- Location of Marengo in France (1812)
- Capital: Alessandria
- • Coordinates: 44°55′N 08°37′E﻿ / ﻿44.917°N 8.617°E
- • 1812: 3,482.61 km^{2} (1,344.64 sq mi)
- • 1812: 318,447
- • Decree of 24 Fructidor, year X: 11 September 1801
- • Treaty of Fontainebleau: 11 April 1814
- Political subdivisions: 3 arrondissements
| Preceded by | Succeeded by |
| / Tanaro (department) | Alessandria (division) / |

= Marengo (department) =

Former French department in Italy (1802–1814)

Marengo (/fr/) was a department of the French First Republic and of the First French Empire in present-day Italy. It was named after the Marengo plain near Alessandria to commemorate the eponymous French victory. It was formed in 1802, detaching part of the department of Tanaro, when the Subalpine Republic (formerly the mainland portion of the Kingdom of Sardinia) was directly annexed to France. Its capital was Alessandria, formerly the capital of Tanaro.

Initially it comprised the former Piedmontese provinces of Alessandria, Casale, Tortona, Voghera and Bobbio. Following the annexation of the Ligurian Republic to France in 1805, Voghera, Bobbio and Tortona passed to the newly created Department of Genoa, while the Department of Marengo acquired Asti, previously in the Department of Tanaro.

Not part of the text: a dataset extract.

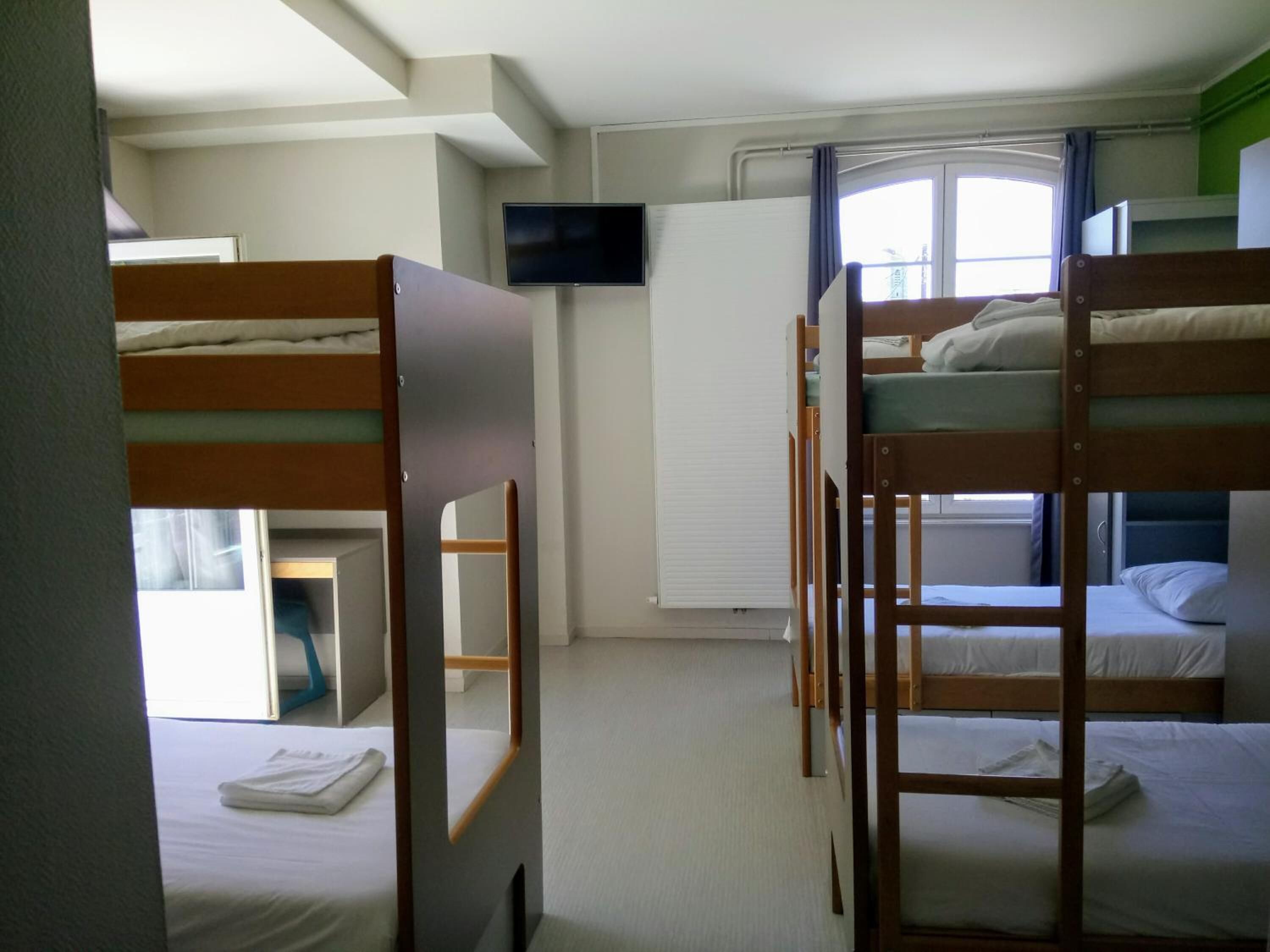 A dormitory room with bunk beds, a television, and a window with curtains.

The department was disbanded after the defeat of Napoleon in 1814. At the Congress of Vienna, the Savoyard King of Sardinia was restored in all his previous realms and domains, including Piedmont. Its territory is now divided between the Italian provinces of Alessandria and Asti.

==Subdivisions==

Coat of arms of the city of Alessandria under the French Empire

The department was subdivided into the following arrondissements and cantons (situation in 1812):

- Alessandria, cantons: Alessandria (2 cantons), Bosco, Cassine, Castellazzo, Felizzano, Sezzadio and Valenza.
- Asti, cantons: Asti, Canelli, Castelnuovo d'Asti, Cocconato, Costigliole, Mombercelli, Montafia, Montechiaro, Portacomaro, Rocca d'Arazzo, San Damiano, Tigliole and Villanova d'Asti.
- Casale, cantons: Casale, Gabiano, Moncalvo, Montemagno, Montiglio, Pontestura, Rosignano, San Salvatore, Ticineto and Villanova.

Its population in 1812 was 318,447, and its area was 348,261 hectares.

The division was included within the 28th military division, the 16th cohort of the légion d'honneur, the 29th conservation des forêts, the Diocese of Casale, the sénatorerie of Turin and the court of appeal of Genoa. It elected three deputies to the Corps législatif of the First Empire.